# Filing my US taxes while in Mexico



## amberbergara (Dec 23, 2014)

We will be moving to Mexico, but I will still have income coming into a US bank by a US employer and government agency. How will living in Mexico affect my tax return? I will have a US address still also. Would I be better off just putting my US info and not mentioning that we are in Mexico? I'm wondering if it affects EIC or anything?


----------



## RVGRINGO (May 16, 2007)

Use your US address and TurboTax online and keep it simple.


----------



## TundraGreen (Jul 15, 2010)

amberbergara said:


> We will be moving to Mexico, but I will still have income coming into a US bank by a US employer and government agency. How will living in Mexico affect my tax return? I will have a US address still also. Would I be better off just putting my US info and not mentioning that we are in Mexico? I'm wondering if it affects EIC or anything?


I still use a US address for my tax return. At one time you were not allowed to file electronically with a foreign address, so I use my son's address. I think it is now possible to file electronically with a foreign address, but I have never bothered to change. I am not eligible for an Earned Income Credit, so I don't know about that. I don't think I have told the IRS that I am not resident in the US. I do file two state taxes both as a non-resident.


----------



## mattoleriver (Oct 21, 2011)

First a disclaimer: I am not a tax expert, I am not living outside of the U.S., I have private health insurance coverage.

This year you will be asked about your healthcare insurance coverage. If you do not have insurance it may require that you file more forms and/or pay a tax. My understanding is that it takes just a small amount of time living within the U.S. each year to be deemed a resident and, therefore, legally bound to have healthcare insurance. I have already filed my taxes (Turbo Tax) and, for me, it was a simple matter of checking one box affirming that I do have coverage.


----------



## sparks (Jun 17, 2007)

US address and TaxAct. TaxAct is free in most cases and recommended on the IRS site. Got my direct deposit refund on the 6th already


----------



## mr_manny (Nov 22, 2013)

I've completed Taxes for family members, and also noticed the new questions regarding Health Insurance.
Still waiting on the bank for some paperwork...Oh Joy 

Never heard of TaxAct...have been using H&R's product - TaxCut.

Next years taxes should be interesting, with me living in Mexico...si dios quiere.
Also planning on using a relative's address.


----------



## Bevdeforges (Nov 16, 2007)

You may want to visit the Expat Tax section here on the forum for more information about filing from "overseas." Expat Tax - Expat Forum For People Moving Overseas And Living Abroad

Basically, take a look at IRS Publication 54 for most of your questions. Publication 54, Tax Guide for U.S. Citizens and Resident Aliens Abroad

and you may want to cast a look at the stickies in the Expat Tax section. The one on the 2014 tax season includes links to a couple of handy sites and information sheets, including one that indicates which tax prep software can handle foreign addresses. Oddly enough it was the address question that made things so difficult for expats trying to file from overseas.

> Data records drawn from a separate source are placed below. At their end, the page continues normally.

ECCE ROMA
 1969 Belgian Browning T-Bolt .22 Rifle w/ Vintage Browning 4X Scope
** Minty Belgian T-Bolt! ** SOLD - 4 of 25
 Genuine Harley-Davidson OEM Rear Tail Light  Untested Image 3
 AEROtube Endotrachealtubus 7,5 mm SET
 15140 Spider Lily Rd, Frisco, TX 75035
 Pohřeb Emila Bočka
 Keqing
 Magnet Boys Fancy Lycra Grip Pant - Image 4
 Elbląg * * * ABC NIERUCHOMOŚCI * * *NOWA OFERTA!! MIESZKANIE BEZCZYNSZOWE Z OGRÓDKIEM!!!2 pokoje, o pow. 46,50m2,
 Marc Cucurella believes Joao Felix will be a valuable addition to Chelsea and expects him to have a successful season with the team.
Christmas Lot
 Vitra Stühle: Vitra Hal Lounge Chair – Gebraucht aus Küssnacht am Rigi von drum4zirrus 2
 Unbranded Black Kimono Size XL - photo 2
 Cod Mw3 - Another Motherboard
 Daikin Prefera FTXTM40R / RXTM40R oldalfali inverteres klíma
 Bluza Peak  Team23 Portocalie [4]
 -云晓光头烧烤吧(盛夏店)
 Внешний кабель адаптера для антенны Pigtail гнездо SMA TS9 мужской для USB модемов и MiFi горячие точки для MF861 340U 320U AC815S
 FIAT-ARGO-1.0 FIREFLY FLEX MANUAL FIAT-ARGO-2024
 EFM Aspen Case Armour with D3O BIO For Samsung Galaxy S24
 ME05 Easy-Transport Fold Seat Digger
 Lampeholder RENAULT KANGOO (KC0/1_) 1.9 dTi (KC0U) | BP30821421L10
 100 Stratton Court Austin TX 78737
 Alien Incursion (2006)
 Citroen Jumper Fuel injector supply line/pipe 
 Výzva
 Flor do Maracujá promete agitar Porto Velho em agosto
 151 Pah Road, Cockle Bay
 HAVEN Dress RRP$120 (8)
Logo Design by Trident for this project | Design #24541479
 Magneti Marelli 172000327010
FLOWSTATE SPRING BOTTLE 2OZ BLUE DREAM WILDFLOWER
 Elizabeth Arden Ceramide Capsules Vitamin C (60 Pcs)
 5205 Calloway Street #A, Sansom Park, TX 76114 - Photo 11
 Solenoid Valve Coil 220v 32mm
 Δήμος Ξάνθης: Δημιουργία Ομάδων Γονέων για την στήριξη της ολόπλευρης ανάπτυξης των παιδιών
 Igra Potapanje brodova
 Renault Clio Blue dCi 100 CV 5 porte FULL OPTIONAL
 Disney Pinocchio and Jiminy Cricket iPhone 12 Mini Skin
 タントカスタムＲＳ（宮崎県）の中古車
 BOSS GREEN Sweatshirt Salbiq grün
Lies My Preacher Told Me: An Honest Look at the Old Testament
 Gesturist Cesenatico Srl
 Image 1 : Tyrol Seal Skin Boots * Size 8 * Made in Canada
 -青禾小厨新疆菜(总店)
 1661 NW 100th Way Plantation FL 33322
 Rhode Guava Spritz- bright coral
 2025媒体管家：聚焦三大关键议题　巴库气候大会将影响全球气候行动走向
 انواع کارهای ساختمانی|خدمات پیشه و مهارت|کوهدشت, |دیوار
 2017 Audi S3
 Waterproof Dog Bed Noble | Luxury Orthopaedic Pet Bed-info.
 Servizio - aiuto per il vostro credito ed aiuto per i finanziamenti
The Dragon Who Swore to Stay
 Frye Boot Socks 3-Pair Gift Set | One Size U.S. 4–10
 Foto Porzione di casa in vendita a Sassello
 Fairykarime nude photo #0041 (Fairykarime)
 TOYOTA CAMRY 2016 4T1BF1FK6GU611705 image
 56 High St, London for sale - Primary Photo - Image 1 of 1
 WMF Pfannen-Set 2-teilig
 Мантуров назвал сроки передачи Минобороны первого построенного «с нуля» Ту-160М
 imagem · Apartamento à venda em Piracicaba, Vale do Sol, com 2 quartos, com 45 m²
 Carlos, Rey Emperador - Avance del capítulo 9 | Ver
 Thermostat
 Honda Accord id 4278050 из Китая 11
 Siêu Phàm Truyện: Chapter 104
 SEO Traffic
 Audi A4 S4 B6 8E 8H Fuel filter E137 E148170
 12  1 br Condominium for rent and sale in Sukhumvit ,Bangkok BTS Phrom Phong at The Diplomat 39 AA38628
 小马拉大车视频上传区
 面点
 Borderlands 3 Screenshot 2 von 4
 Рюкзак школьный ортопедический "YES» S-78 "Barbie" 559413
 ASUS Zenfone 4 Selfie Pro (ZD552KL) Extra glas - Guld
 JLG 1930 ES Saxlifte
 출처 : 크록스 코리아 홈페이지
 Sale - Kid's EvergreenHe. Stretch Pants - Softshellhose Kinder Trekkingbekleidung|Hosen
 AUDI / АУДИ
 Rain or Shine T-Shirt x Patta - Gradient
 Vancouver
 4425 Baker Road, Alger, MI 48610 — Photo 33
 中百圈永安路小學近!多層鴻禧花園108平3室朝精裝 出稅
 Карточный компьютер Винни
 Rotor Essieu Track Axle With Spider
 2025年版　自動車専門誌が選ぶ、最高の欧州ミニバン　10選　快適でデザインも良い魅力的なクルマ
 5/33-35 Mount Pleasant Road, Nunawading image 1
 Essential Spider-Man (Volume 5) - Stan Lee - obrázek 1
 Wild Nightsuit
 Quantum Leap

But you don't need to use a US address - particularly if you want to take advantage of something like the FEIE or to simply claim exemption from the ACA requirements.
Cheers,
Bev


----------



## Isla Verde (Oct 19, 2011)

TundraGreen said:


> I still use a US address for my tax return. At one time you were not allowed to file electronically with a foreign address, so I use my son's address. I think it is now possible to file electronically with a foreign address, but I have never bothered to change. . . .


I was able to file with Turbo Tax last year using my Mexican address.


----------



## mr_manny (Nov 22, 2013)

Are there any benefits of using your foreign address, when filling?

Maybe I need to state a foreign address next year, for the US National Health Care implications alone...


----------



## Bevdeforges (Nov 16, 2007)

It certainly helps to use a foreign address if you're planning on taking the FEIE - or, as you mention, to claim the exemption to the ACA question based on either of the two "tests" (physical presence or bona fide residence).

It also gets you a 2 month automatic extension on your filing deadline (to June 15th) - though if you owe money, the interest on what you owe still starts from April 15th.

Take a look at Pub 54 for any other implications.
Cheers,
Bev


----------